Subsea hardware spending in 2014-18 is forecast to nearly double the size of installed subsea infrastructure, according to Douglas Westwood’s latest estimates. Matt Loffman sets out the detail.
Douglas-Westwood forecasts subsea hardware capex will total US$117 billion between 2014 and 2018, representing growth of more than 80% compared with the preceding five-year period. Subsea production hardware is expected to attract $57 billion of expenditure, as high-value projects come onstream. The subsea umbilical, riser and flowline market approaches $43 billion while pipeline spend is forecast at $17 billion.
This vast expenditure will nearly double the size of the existing infrastructure network, below the water surface. With non-productive time and delays prohibitively costly for operators, the outlook for high quality subsea inspection, repair and maintenance (IRM) is positive.
Growth in subsea infrastructure spend continues trending towards deeper waters. Around 44% of total Capex in the next five years will be targeting projects in >1000m water depth. A large portion of prominent offshore projects and the vast majority of the so-called mega-projects, with greater than $10 billion Capex, are in deepwater areas.
In addition to the established deepwater regions in Brazil, West Africa and the US Gulf of Mexico, the newly discovered offshore gas provinces in East Africa and the Eastern Mediterranean are also in >1000m water depth and are expected to provide additional markets, which will positively impact IRM expenditure in the future.
Global subsea hardware Capex by equipment type.
Utilization of ROVs and AUVs to trend upwards in IRM
A large proportion of subsea IRM work is executed by remotely operated vehicles (ROVs). IRM support typically entails work-class ROV inspection, replacement tasks, cutting operations, hatch operations on subsea structures and valves, as well as cleaning tasks.
Although IRM is the smallest market for work-class ROVs, its Opex driven nature ensures that it is one of the most secure in terms of vulnerability to oil price volatility. Driven by the ever-increasing volume of installed subsea hardware described above, demand for IRM is forecast to rise from 5180 days in 2013 to 6338 days in 2017, at 5.2% compound annual growth rate. Associated expenditure is forecast to increase from $63 million to $99 million and the number of dedicated work-class ROVs required from 20 to 25.
Another sector where subsea IRM growth shows promise, relates to autonomous underwater vehicle (AUV) operation. Increasingly used for deepwater surveys, at present a range of technological advancements in the space are being developed. AUVs are commercially proven in pipeline inspection markets, while developments in other areas are taking place at present.
Life-of-field inspection work and sealine inspection surveys are similarly in the early stages of commercial development. Tests employing AUVs for sealine inspections have been carried out recently and are continuing to be applied to the units in some regions, while life-of-field inspection activity has generally been delayed until 2015.
With the growing infrastructure and subsea pipeline network, we expect to see AUVs gain market share over the coming five-year period.

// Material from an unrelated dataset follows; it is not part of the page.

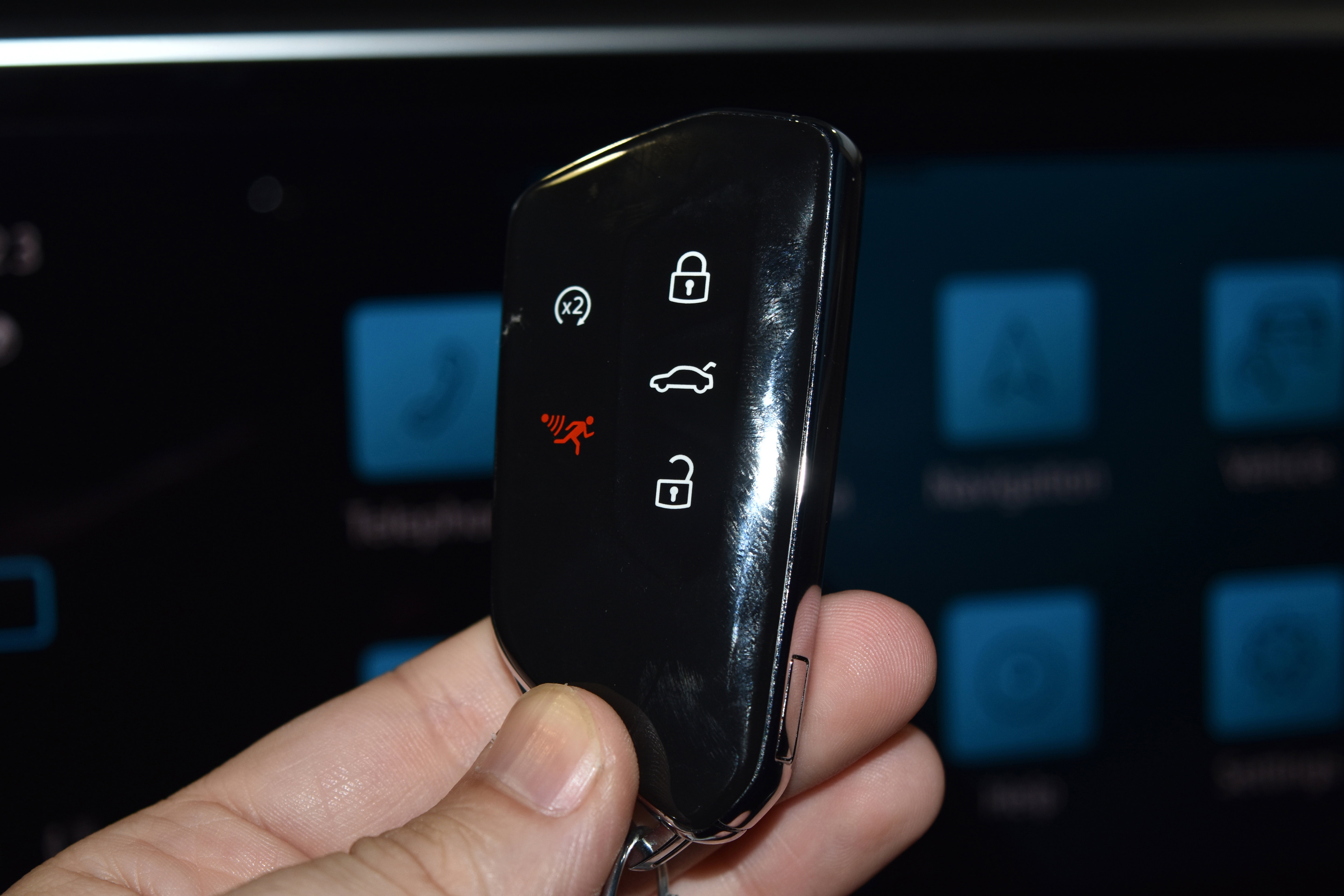 New 2026 Volkswagen Atlas SE image 13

Figure 2: Global ROV demand by region.
Capex cutbacks threaten near-term growth rate of subsea infrastructure
Reductions announced by many of the major international operators in 2014 are expected to threaten projects with higher capital outlay, including those in deepwater and conditions otherwise suitable for subsea field development. Some uncertainty in crude oil prices may also expose projects with higher break-even prices, although this is generally expected to be limited to the short-term.
Reductions are expected to slow growth in upstream Capex in the short-term, extending to 2015. However, subsea IRM retains a positive outlook, servicing an expanding network of subsea infrastructure – albeit expanding at a lower pace in the near-term than would have been the case otherwise.

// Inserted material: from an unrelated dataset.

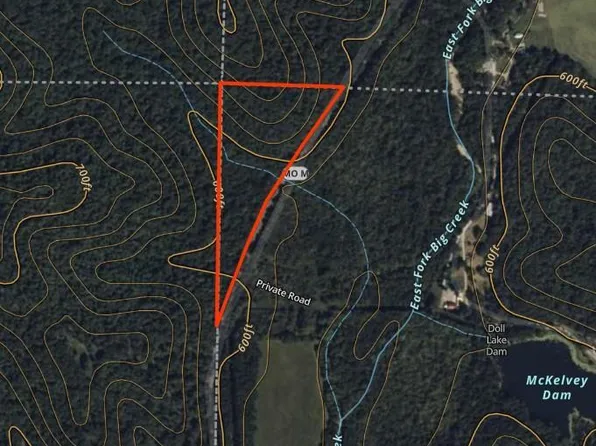 1 Off Hwy #M, Marquand, MO 63655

However, as the present situation in the Middle East proves, there is always potential for oil prices to again rise and further drive the move into deepwaters and with further growth in the associated capital expenditure.

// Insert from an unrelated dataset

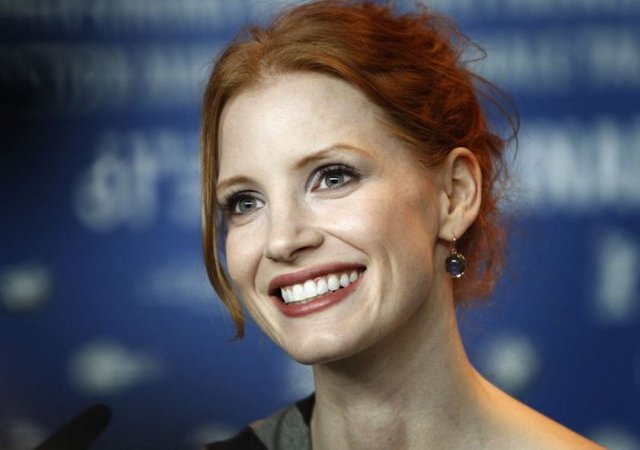 Jessica Chastain (20): The Help'le "En İyi Yardımcı Kadın Oyuncu" dalında Oscar'a aday.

Figure 3: AUV unit demand by commercial function.
Subsea IRM has a positive outlook
Subsea developments will continue to account for an ever increasing share of global offshore activity. The technologies deployed are unlocking reserves that would previously have been difficult or impossible to access and the sector has become a sizable opportunity for the oilfield service and equipment industry. The outlook for the subsea IRM market shows growth potential well beyond a five-year forecast, particularly in the longer-term as Arctic resources are targeted off Canada, Norway and Russia. This is positive news for IRM providers who continue to gain importance in the global industry.
Matt Loffman, since joining Douglas- Westwood, has worked on a range of research and advisory projects focusing on international drilling and oilfield service provision and downstream markets. He specializes in analysis of frontier markets and the Middle East. Loffman is a graduate of the London School of Economics and the University of Damascus and lived for a number of years in the Levant.